- _SUPPLIED INFORMATION_:
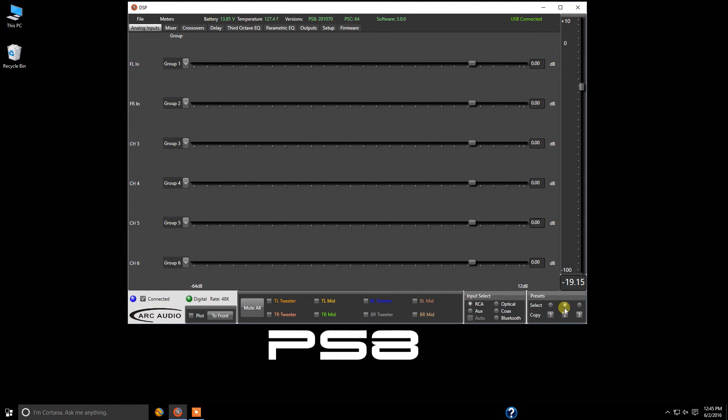We're now on preset two and I want to click on optical. So we're going to use preset two as the optical connection from the radio or CD player.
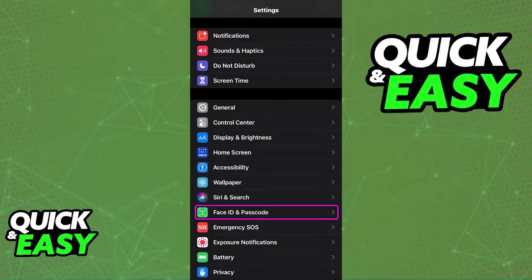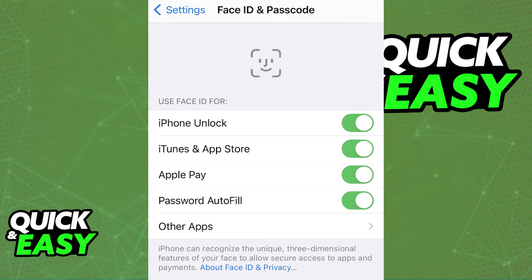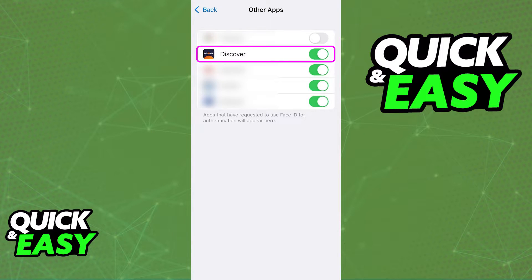With this step done, all you have to do is go into the settings of your iOS device and head into the Face ID and Passcode settings. Inside of there, select Other Apps and you should be able to find Discover in the list, as long as you have the app up to date and installed on your device.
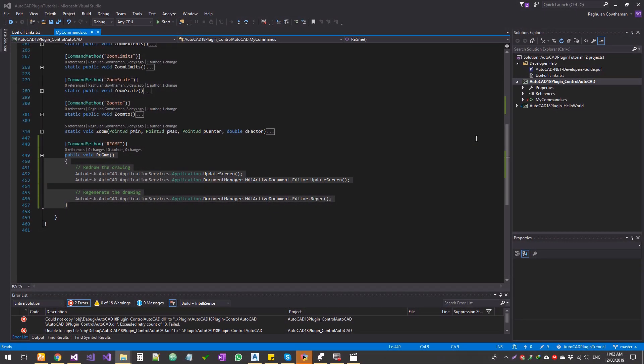Hello guys, welcome to Expertiser Academy. So we are into the AutoCAD plugin development, and we're going to see how to do a region all command using code.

- _TRY IT_: Return all of the material precisely as written. No picture belongs in it.

- _SOLUTION_:
We're now on preset two and I want to click on optical. So we're going to use preset two as the optical connection from the radio or CD player.
With this step done, all you have to do is go into the settings of your iOS device and head into the Face ID and Passcode settings. Inside of there, select Other Apps and you should be able to find Discover in the list, as long as you have the app up to date and installed on your device.
Hello guys, welcome to Expertiser Academy. So we are into the AutoCAD plugin development, and we're going to see how to do a region all command using code.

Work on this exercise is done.